C. Smith | A. Dürr | P. Spitta | Voigt | A. Schweitzer | Schuhmacher | N. Anderson

 

Aryeh Oron wrote (June 3, 2003):
Craig Smith (1999)

The extensive commentary below is quoted from the liner notes to Emmanuel Music’s recording of this cantata on Koch International. It was written by Craig Smith, musical director of Emmanuel Music (1999):

The number of different characters that Bach finds for cantatas in the Christmas season is remarkable. The day after Christmas in the second Jahrgang, Bach presented the grand and granite-like masterpiece BWV 121 "Christum wir sollen loben schon." Our piece BWV 133, "Ich freue mich in dir" performed the next day, couldn't be more different from Cantata BWV 121. Here Bach uses the same wonderful faux folk style as the great magic realist painters like Hans Baldung (Grien) and Altdorfer. All of the earthy and realistic touches are bathed in an otherworldly heavenly glow. The opening chorus, with its sturdy oboe d' amore melismas and predictable sequences, nevertheless has a heavenly magical quality that befits the story. The bell-tones that keep reappearing in all of the orchestra play an important role throughout the cantata. The orchestration is interesting for several reasons. The two oboes d' amore double the second violins and violas instead of the usual doubling of the two violin parts. The first violin part sings out quite high in its range against the solidity of the middle voices, which gives the movement a richness that it otherwise would not have. All of the chorale phrases are plain and simple except for the sixth phrase, "ah, what a sweet tone!," which suddenly becomes hushed and imbued with echo effects.

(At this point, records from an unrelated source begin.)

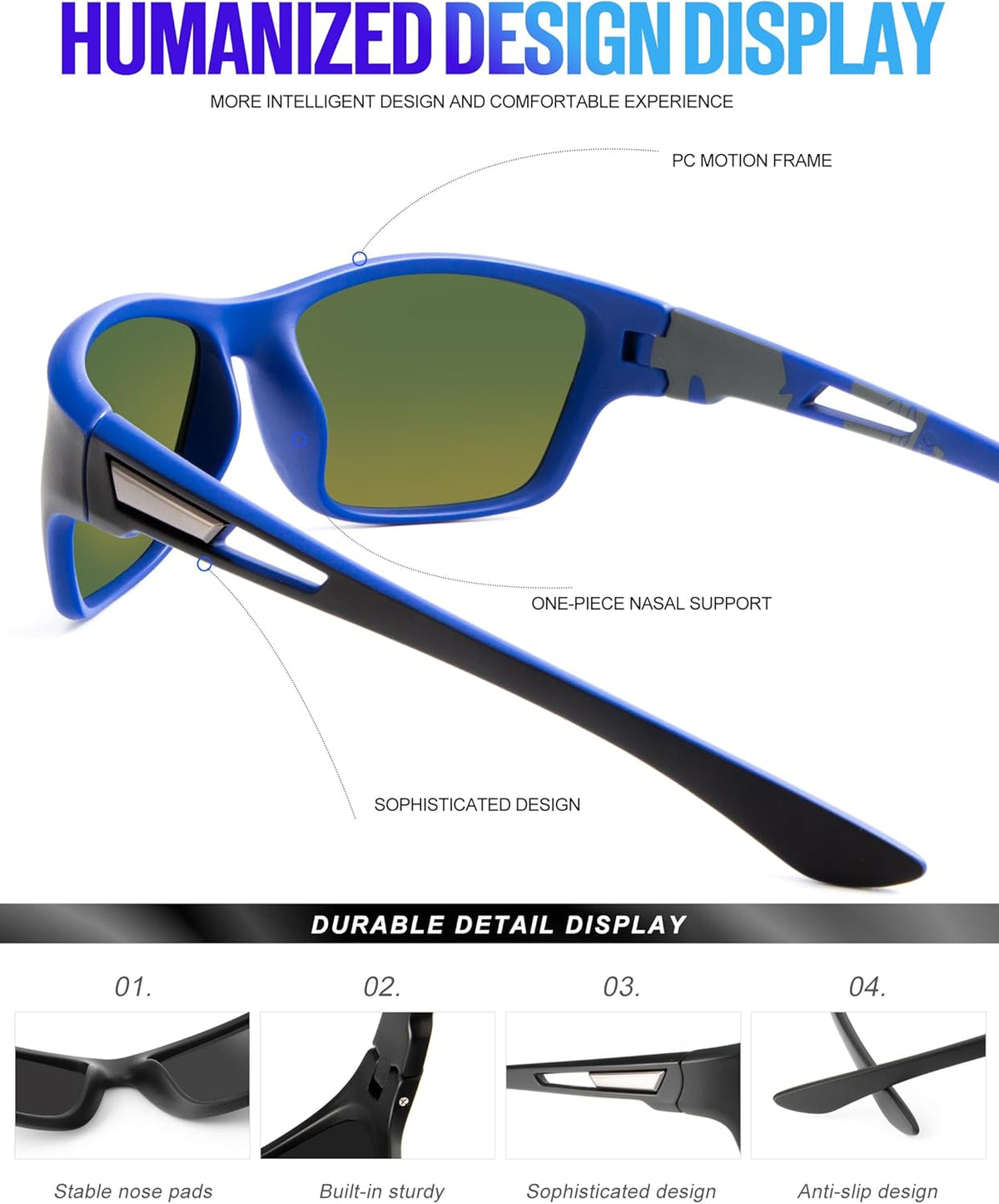 KALIYADI Polarized Sunglasses for Men, Sports Sun Glasses for Driving Cycling Fishing with UV protection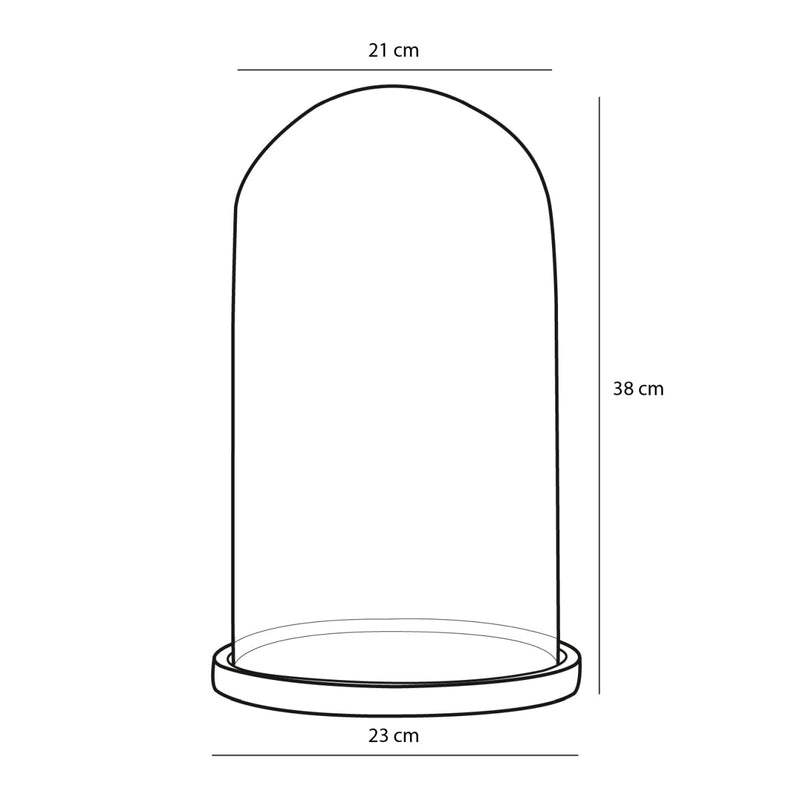 Mica Decorations Hella Stolp H38 x Ø23 cm - Zwart - Hout / Glas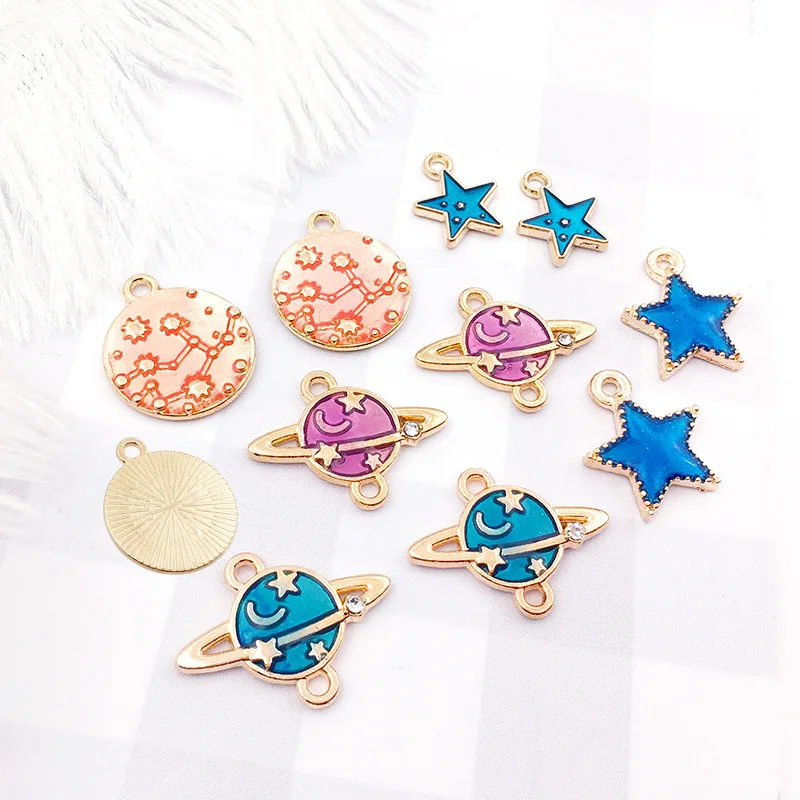 Mix 20pcs/pack Space Universe Earth moon star Enamel Charms Gold Color Pendants DIY Jewelry Making Handmade Craft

The alto aria uses the oboes d' amore in an uncharacteristic trumpet-like fashion. The little military motives clearly indicate that Bach reads this text as a call to arms. A little motive appears in the introduction, and will reappear only under the words "wie wohl ist mir geschehen." It functions like a personal weapon against the cruelties of the world. This motive reappears in the soprano aria with even more prominence.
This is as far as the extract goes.